# dreams...



## idolomantis (Aug 17, 2008)

dreams... tho most random, weird, and sometimes scary things in life.

my weirdest.

i was in a military facility and i woke up in a mini jungle with giant faces looking at me....

i was swimming in a giant crapper with an isle of elephant poo.. with fireballs, and bats!

i was mounting a assasin bug.

i was playing soccer with a troll.

now tell me ur weirdest.


----------



## MANTIS DUDE (Aug 17, 2008)

The most wierdest dream I ever had might not have even been a dream: I dreamed that I was in my bed and all of these strange noises started coming from under my bed. They werent scary sounds, it just sounded like sombody was snorking and sneezeing under my bed with a bad cold or something, lol. I jumped out of my bed and looked under it, and all I saw was blackness, but still the nostrill noises came. At this point I got freaked out so I ran downstairs, but the noises still followed me! To end the dream, i decided to climb to the top of my realy tall tree and jump off. It's always wierd, but all I do is jump of and as soon as I almost hit the ground, it just faids into blackness and I just wake up. Later, I descoverd that it was my own snorking while I sleep because of alergeas!


----------



## acerbity (Aug 17, 2008)

Well my weirdest may not be appropriate for this board, or any for that matter.

I do however have very long, intricate, drawn out dreams about zombie outbreaks where I'm like a character trying to survive in some locale.

Every time it's a different location and situation, and I wake up thinking I could make a movie out of every one of these dreams.


----------



## idolomantis (Aug 17, 2008)

i,m also not going to put real weirdest.. it may make people unconsious.

@mantis dude: inever heard any real life noises in dreams.. especialy my own ones.

maybe you are a light sleeper. you can fire a canon in my room but i wont wake up.


----------



## Rick (Aug 18, 2008)

acerbity said:


> Well my weirdest may not be appropriate for this board, or any for that matter.I do however have very long, intricate, drawn out dreams about zombie outbreaks where I'm like a character trying to survive in some locale.
> 
> Every time it's a different location and situation, and I wake up thinking I could make a movie out of every one of these dreams.


They already have. It is called I am Legend.


----------



## matt020593 (Aug 18, 2008)

Rick said:


> They already have.
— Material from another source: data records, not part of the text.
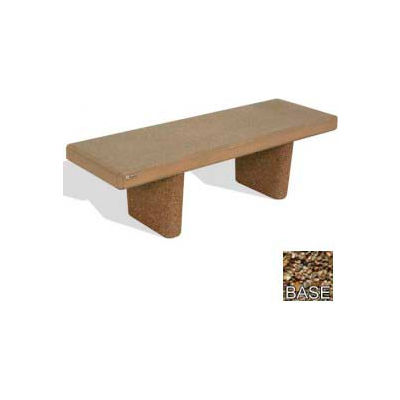 48" Heavy Duty Flat Bench, Tan River Rock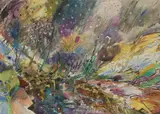 Anthony Bamber, Untitled, watercolour and crayon 53 x 70cm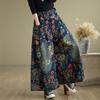 Vintage Style Flowers Print Wide Leg Jeans Female Summer Casual Streetwear Loose Denim Pant Women Fashion Pocket Woman Pants 2026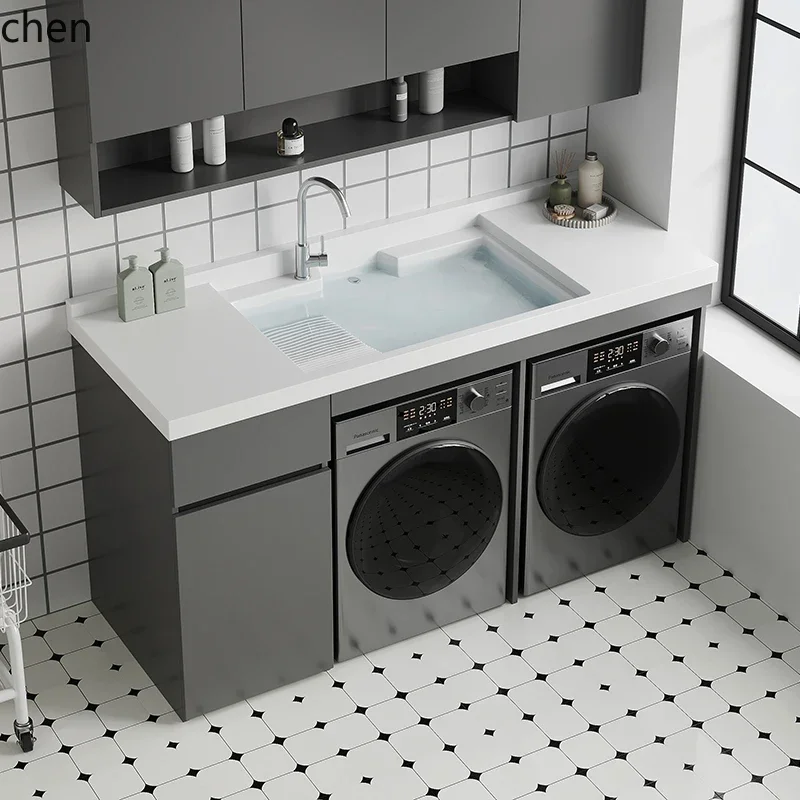 HT Washer Dryer Combination Balcony Drum All-in-One Machine Upper Basin Wash hands and face with washboard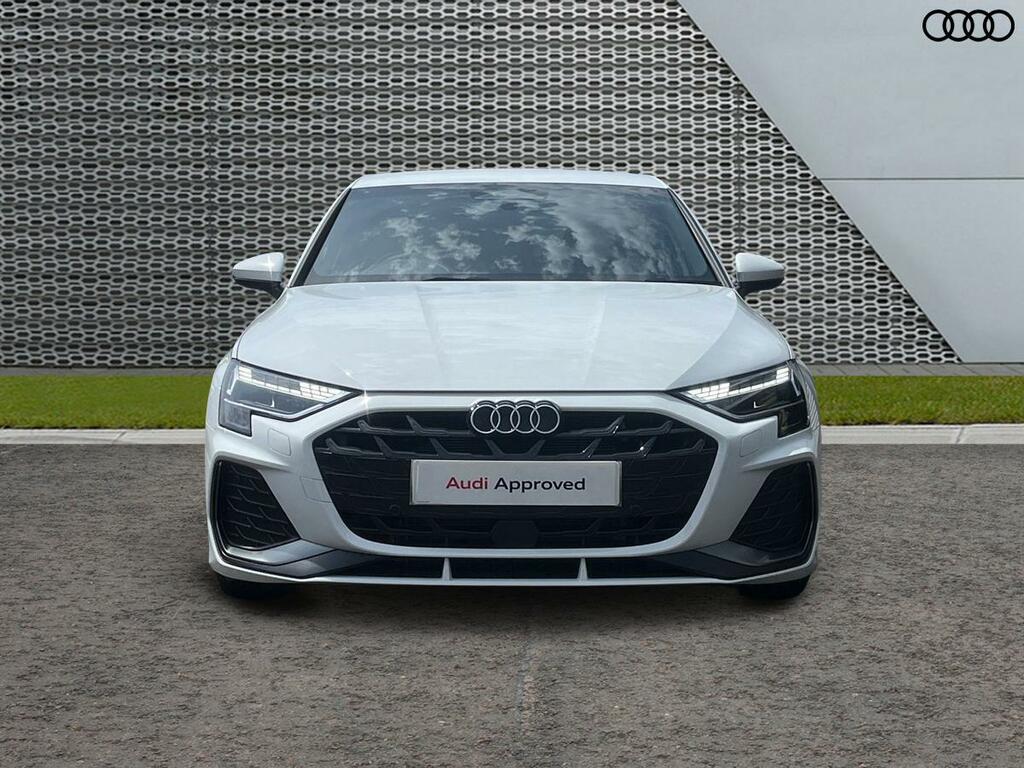 Audi A3 1.5 Tfsi 30 S Line Sportback S Tronic Euro 6 Ss White #3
It is called I am Legend.


Or Shaun of the dead :lol:


----------



## harryallard (Aug 18, 2008)

my weirdest one was the other night.

i went to a cookery class, and when i got there my teacher was marilyn manson.

he taught us how to bake a pie, and then he gave me a slice to test, but it had meat in, so i told him i was a vegetarian. he apologised and gave me veggie spagetti bolognase instead.

was reaaaalyyy weird.


----------



## collinchang635 (Aug 18, 2008)

idolomantis said:


> maybe you are a light sleeper. you can fire a canon in my room but i wont wake up.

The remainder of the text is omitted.